## Your assignment
Data follows below. Repeat exactly the lines between the line holding "ترأس معالي الفريق" and the line holding "ausklingen lassen ;-)", inclusive, and nothing more; drop pictures.

## Saved data entries

________

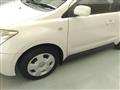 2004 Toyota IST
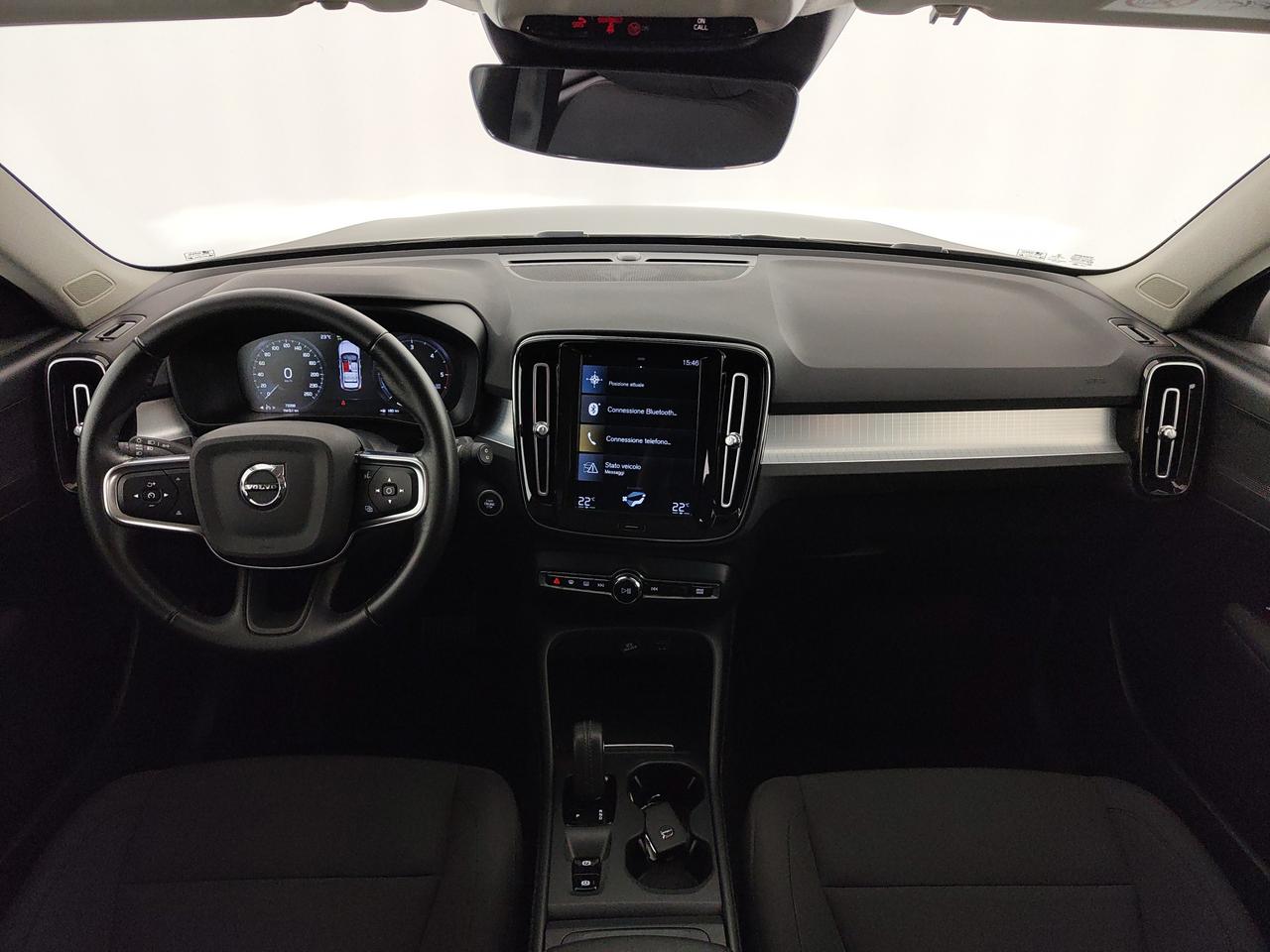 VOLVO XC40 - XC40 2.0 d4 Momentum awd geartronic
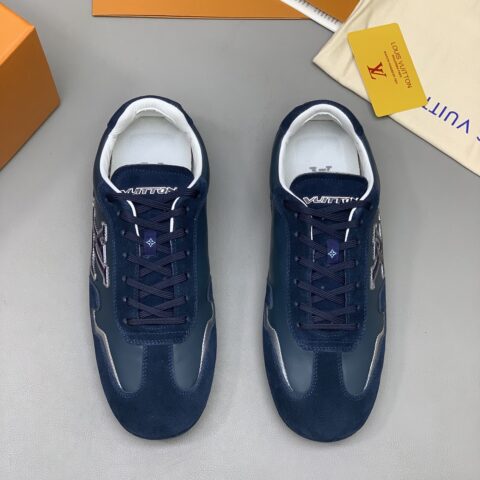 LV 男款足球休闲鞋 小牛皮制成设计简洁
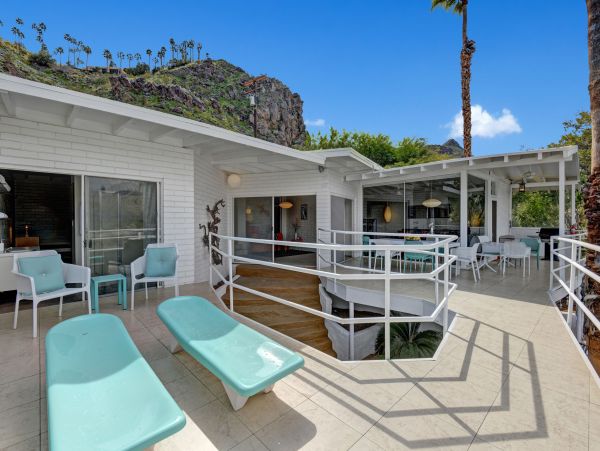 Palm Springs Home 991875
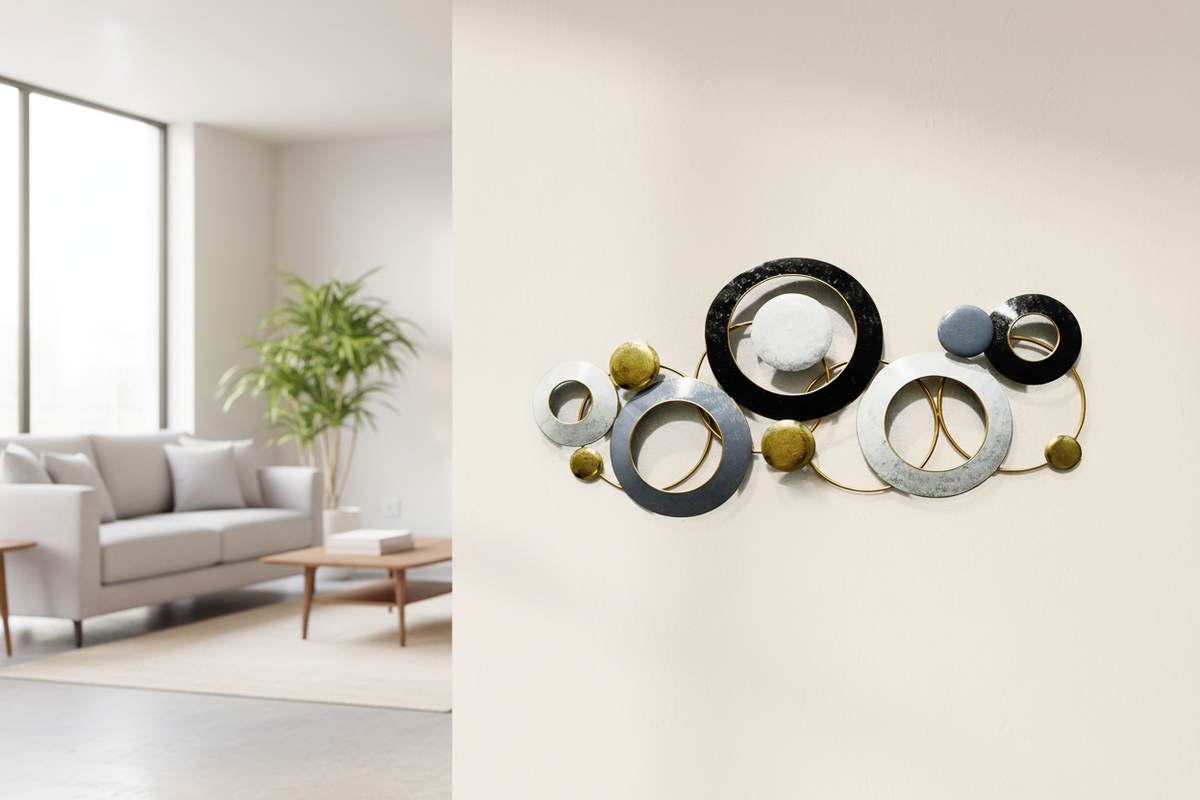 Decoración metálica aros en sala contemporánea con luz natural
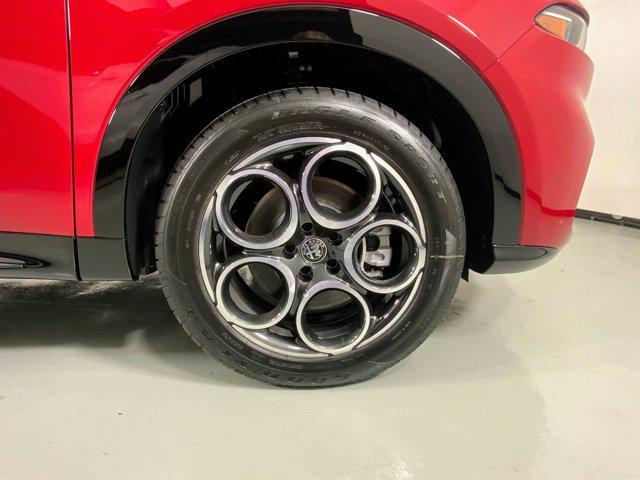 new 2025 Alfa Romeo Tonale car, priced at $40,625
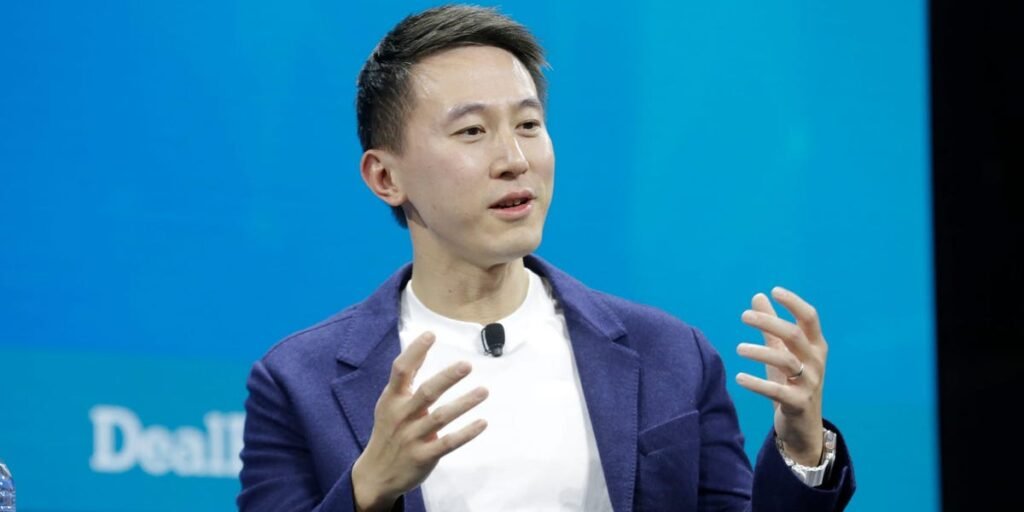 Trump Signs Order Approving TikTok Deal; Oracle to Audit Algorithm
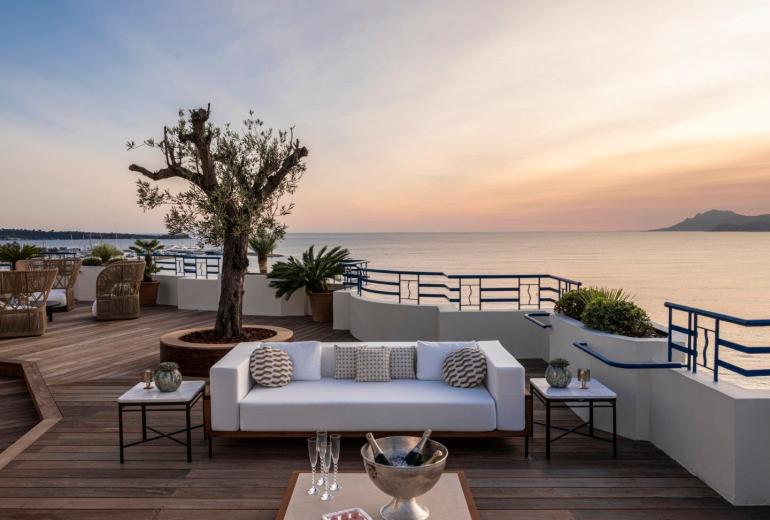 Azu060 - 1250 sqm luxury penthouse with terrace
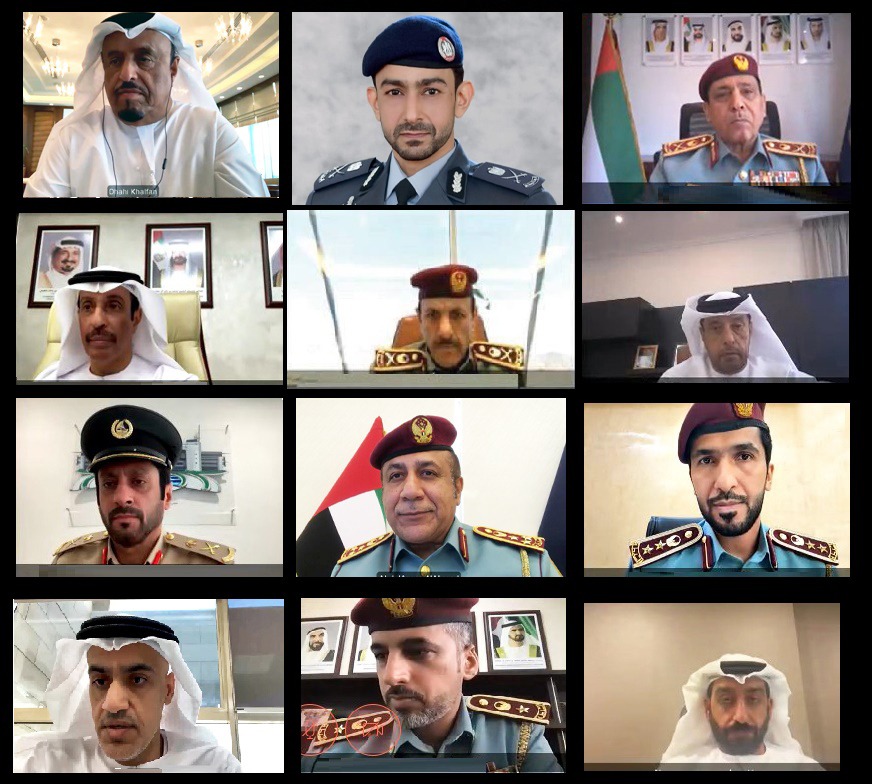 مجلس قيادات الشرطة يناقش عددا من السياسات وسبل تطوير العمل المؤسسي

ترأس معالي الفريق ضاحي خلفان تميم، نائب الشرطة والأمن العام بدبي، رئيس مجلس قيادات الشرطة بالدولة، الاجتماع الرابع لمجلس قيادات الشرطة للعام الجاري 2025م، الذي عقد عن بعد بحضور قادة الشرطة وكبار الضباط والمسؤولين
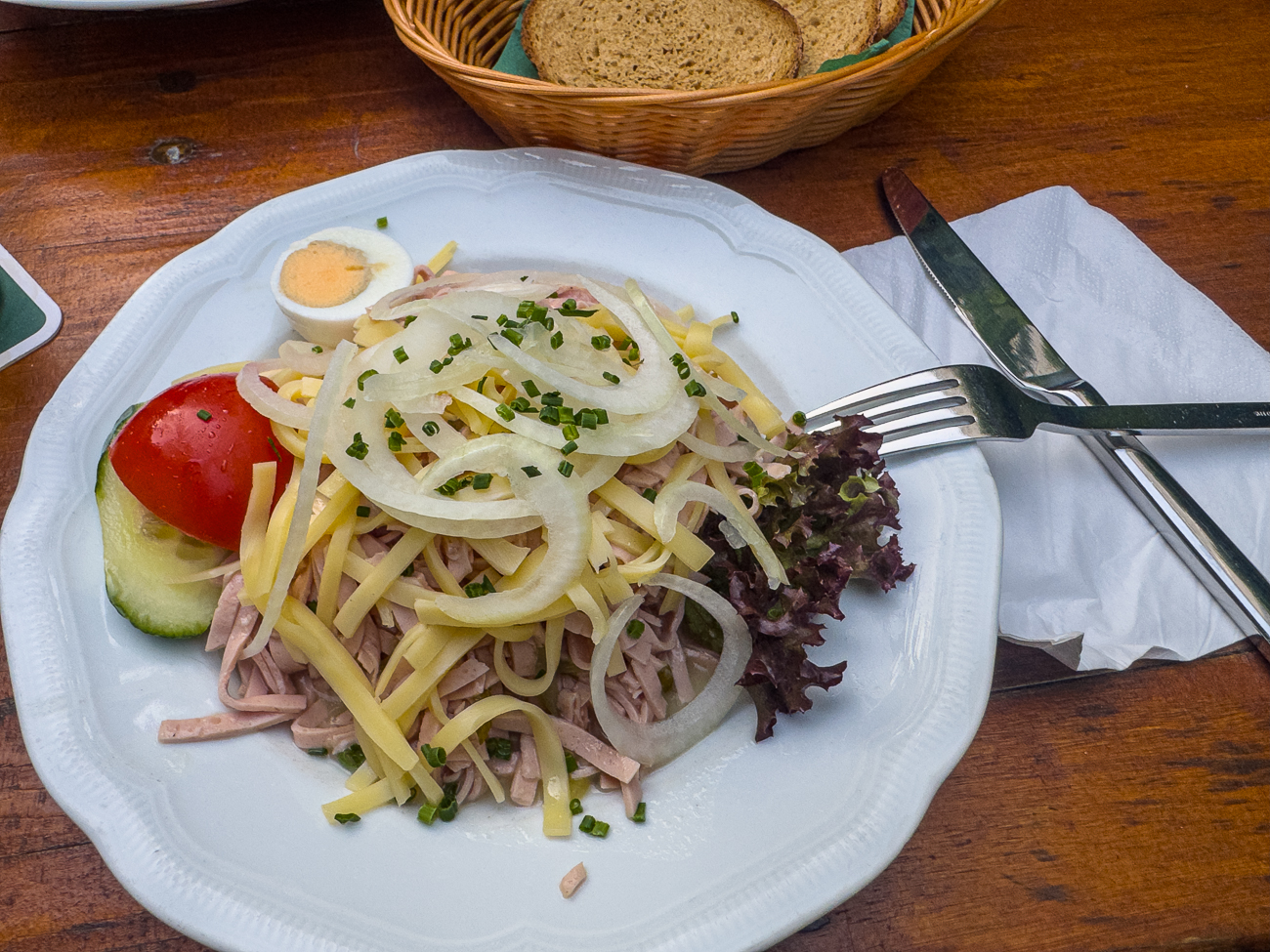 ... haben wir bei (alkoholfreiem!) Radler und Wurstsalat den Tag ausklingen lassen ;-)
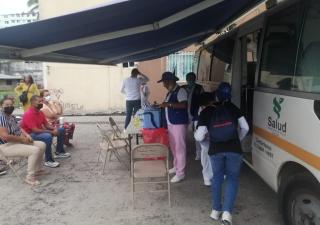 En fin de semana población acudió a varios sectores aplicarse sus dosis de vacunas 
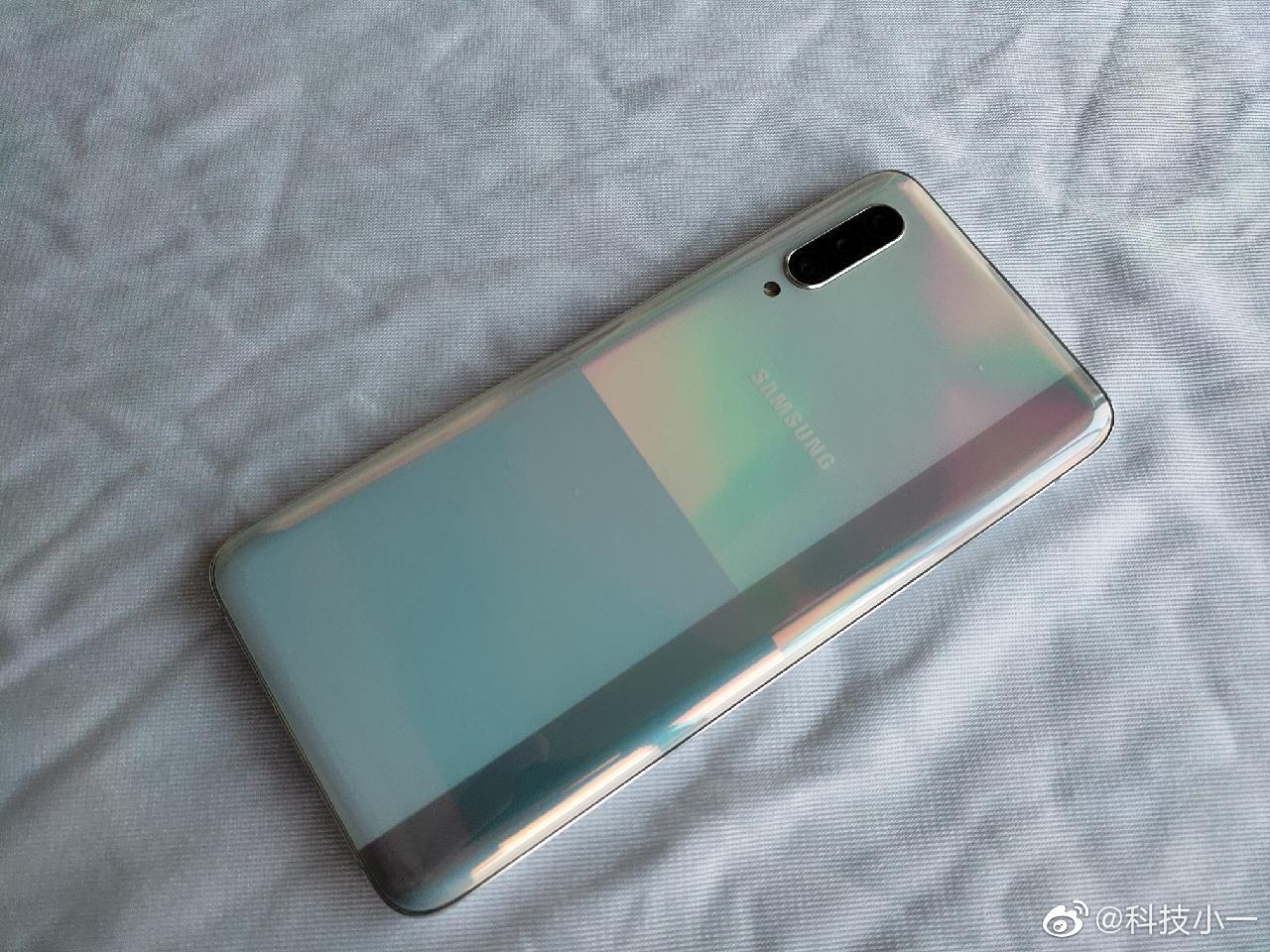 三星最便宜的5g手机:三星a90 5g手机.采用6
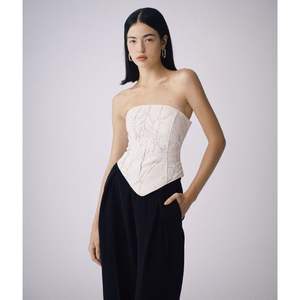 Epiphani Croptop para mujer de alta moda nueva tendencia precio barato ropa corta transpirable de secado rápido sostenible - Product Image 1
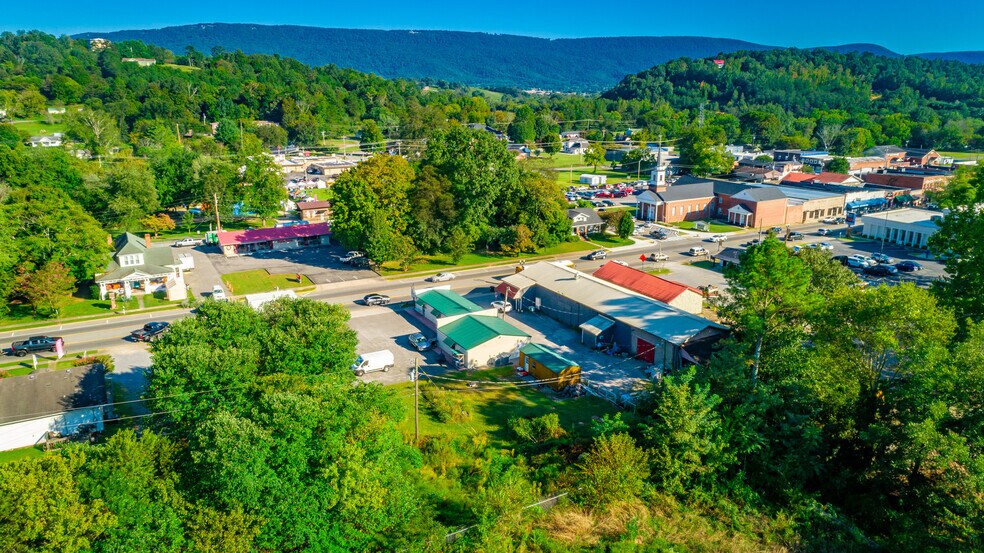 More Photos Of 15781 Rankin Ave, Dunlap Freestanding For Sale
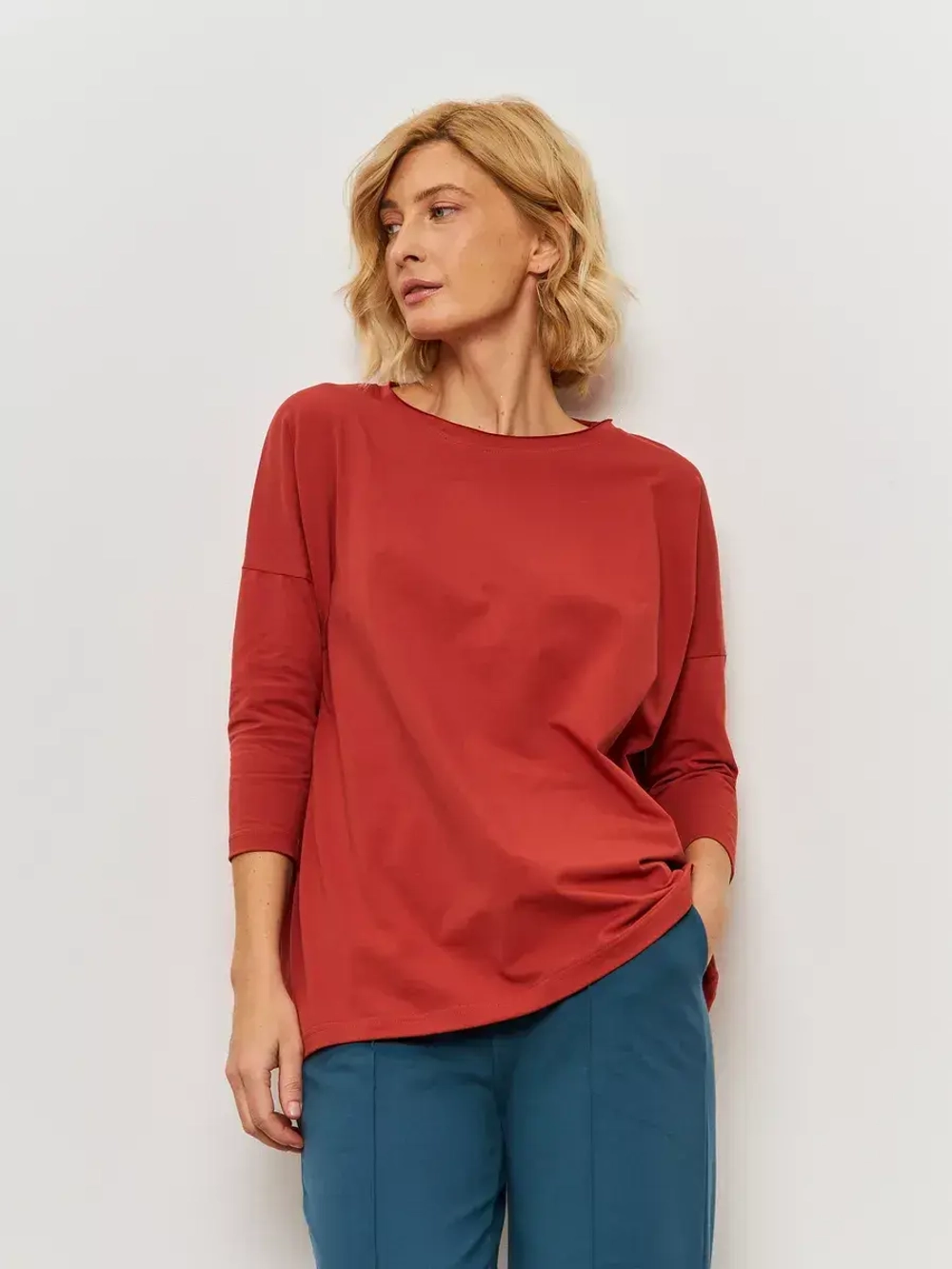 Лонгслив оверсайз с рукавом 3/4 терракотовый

________

## Task answer
ترأس معالي الفريق ضاحي خلفان تميم، نائب الشرطة والأمن العام بدبي، رئيس مجلس قيادات الشرطة بالدولة، الاجتماع الرابع لمجلس قيادات الشرطة للعام الجاري 2025م، الذي عقد عن بعد بحضور قادة الشرطة وكبار الضباط والمسؤولين
 ... haben wir bei (alkoholfreiem!) Radler und Wurstsalat den Tag ausklingen lassen ;-)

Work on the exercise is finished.